Auf jeden Fall machte ich es mir bequem und versuchte, im Spiegel vor mir, mich zurechtzufinden. Im Vordergrund ich, dahinter die junge Dame. Da blieb mein Blick aber sofort an einem, nein zwei bestimmten Körperteilen hängen. Nein, nicht was Du jetzt denkst. Es waren ihre Arme, die ihre Hände in Bewegung setzten, um Kamm und Schere die notwendige Arbeit verrichten zu lassen. Diese Arme zeigten mir nämlich ein ganzes Bilderbuch in welches ich mich vertiefen konnte, während sie bemüht war, alles irgendwie zu ordnen und zu kürzen. Eigentlich habe ich ja immer ein Buch in der Tasche, um überall wo ich sitze, lesen zu können. Hier war das nicht nötig, weil mir Geschichten in Form von Bildern zur Betrachtung - eine andere Form des Lesens - dargeboten wurden.
Gerade war ich beim rechten Arm oben angekommen, als sie mir mit Hilfe eines kleinen Spiegels meinen Hinterkopf zeigte und die Frage stelle, ob es so in Ordnung sei. War es eigentlich, aber ich konnte das Buch doch jetzt nicht einfach zuklappen, ohne die Bilder des linken Arms betrachtet zu haben. Und bis zum nächsten Besuch hätte ich vergessen, wo ich stehengeblieben war. Außerdem war gar nicht sicher, daß sie dann wieder hinter mir stehen würde, vielleicht dort gar nicht mehr beschäftigt war, denn das Personal wechselt dauernd. Jedenfalls gab ich ihr zu verstehen, daß sie ruhig noch etwas kürzen könne. So konnte ich wenigstens noch einen flüchtigen Blick auf den zweiten Teil des Buches werfen. Am Ende mußte ich allerdings feststellen, daß die ganzen Bilder irgendwie keinen zusammenhängeden Text ergaben und manches so einfach gar nicht zu entziffern war. Lag vielleicht auch daran, daß sie sehr schnell arbeitete und mir so einzelne Teile immer wieder davonliefen. Als sie nach wenigen Minuten ihre Frage erneut stellte, habe ich es allerdings für gut befunden, denn ich wollte es an meinem Hinterkopf ja nicht zu einer weiteren Glatze kommen lassen.

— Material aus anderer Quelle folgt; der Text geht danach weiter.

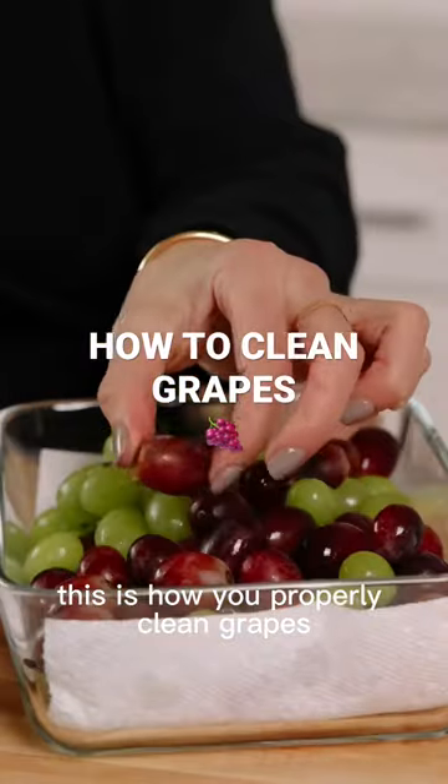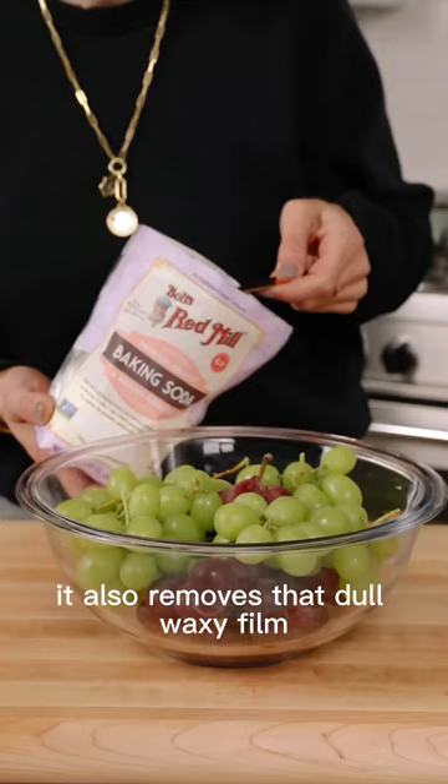This is how you properly clean grapes. This method is magic because not only does it remove all the grime, it also removes that dull waxy film.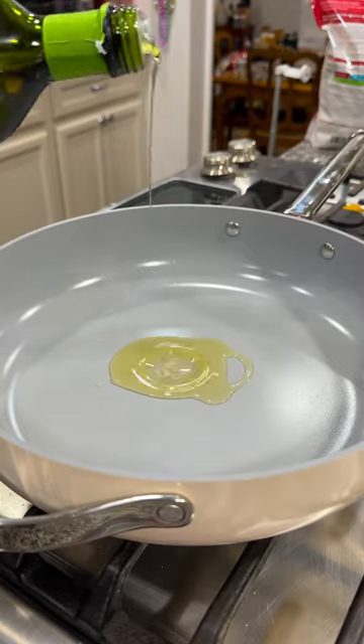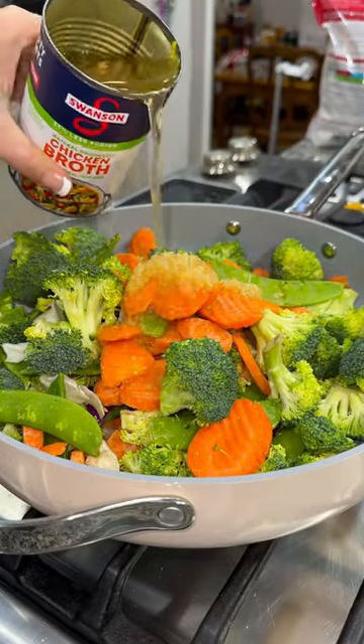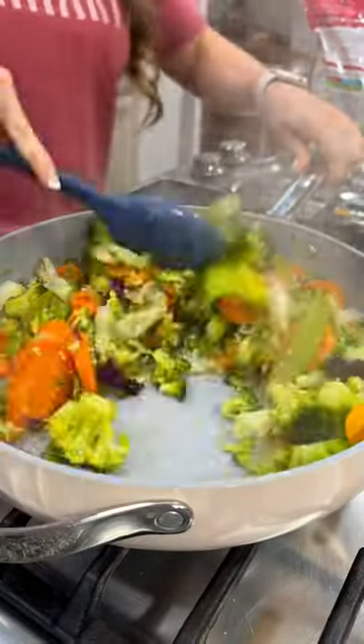Begin by adding some oil into a skillet and then add in some stir fry veggies. I use fresh veggies but frozen works just as well. Add a crap load of garlic and about half a cup of chicken broth. Stir it all together and let it steam for about 10 to 12 minutes until the veggies are starting to get tender.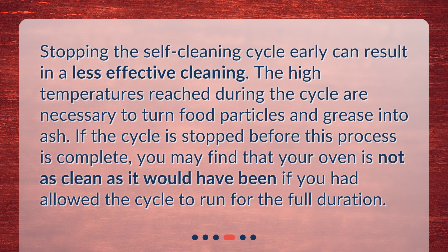Stopping the self-cleaning cycle early can result in a less effective cleaning. The high temperatures reached during the cycle are necessary to turn food particles and grease into ash. If the cycle is stopped before this process is complete, you may find that your oven is not as clean as it would have been if you had allowed the cycle to run for the full duration.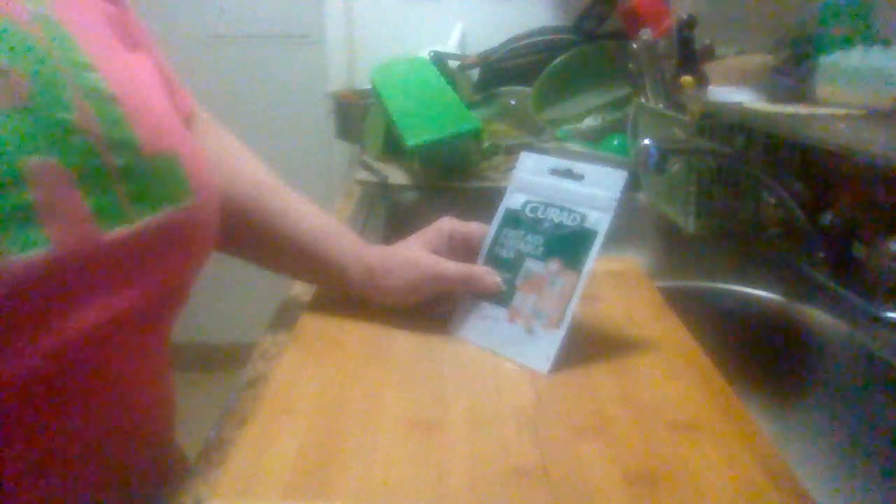Hey everybody, this is Midwest Product Reviews, back with you with another product review. This is the Curad First Aid Portable Pack. I haven't opened it because I haven't needed it yet.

Im Nachhinein stellte sich mir allerdings die Frage, welche Gedanken einer Friseuse durch den Kopf gehen, wenn sie sich mit den Haaren einer fremden Person beschäftigt. Entstehen dabei auch kleine Geschichten ? Sollte ich sie dort erneut treffen, werde ich versuchen eine Unterhaltung in diese Richtung zu lenken. Dafür benötige ich dann aber sicher noch längere Haare. Und vielleicht gibt es beim nächsten Besuch bei ihr schon eine Fortsetzung.

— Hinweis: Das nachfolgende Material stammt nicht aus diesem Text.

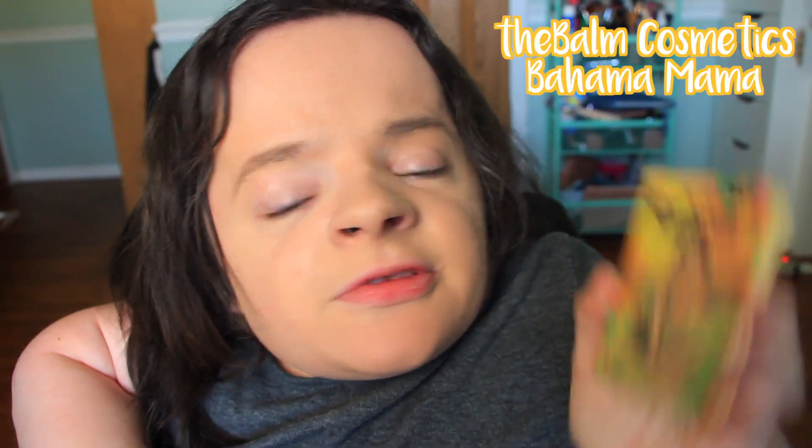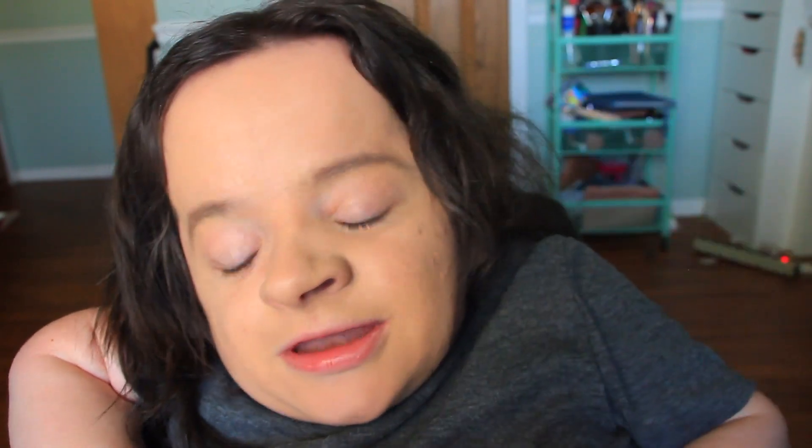While the eye shadow primer sets, I'm going to use the Bahama Mama bronzer by the Balm Cosmetics. I'm still trying to use up this product — I wear it all the time and look how much product is left. It's never ending.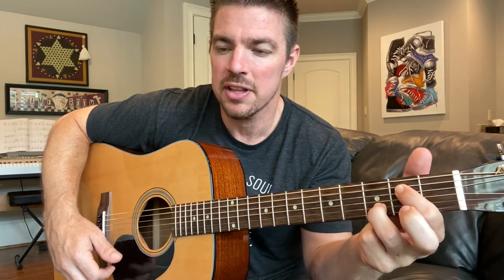Now you're going to go to an E minor. Keep that ring finger on the second string — just like the A, but instead of the fourth and third, press the fifth and fourth. Then back to A and back to E minor.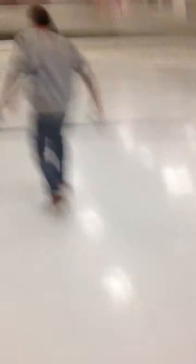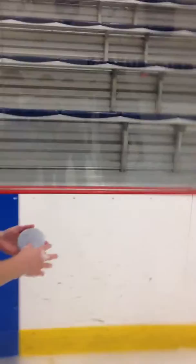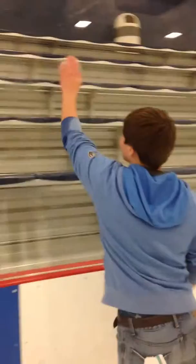Also, we failed to mention — grab one of these little foam puck-looking things. It's going to be used to get the marks off the glass. Sean's going to demonstrate how to do this. With hot water, it's like a magic eraser — it takes the puck marks right off. Wax on, wax off. That is a thing of beauty.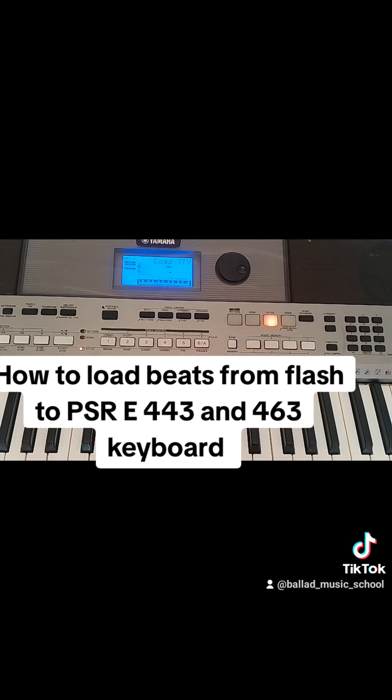I will come with a video showing you how to pack your beats into your SX-600. Please follow, thank you for watching.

Ja, die Zeiten ändern sich. Früher mußten Friseure ihre Kunden immer mit irgendwelchen Geschichten aus dem Leben unterhalten. Heute zeigen sie nur noch ihre Arme und der Kunde ist beschäftigt. Vielleicht sollte ich meine Geschichten demnächst auf meinen Hinterkopf tätowieren lassen, dann hätte die Dame beim Schneiden auch was zu lesen. Das wäre dann so etwas wie künstlerische Intelligenz.
Jetzt verlasse ich diesen haarigen Ort besser ganz schnell.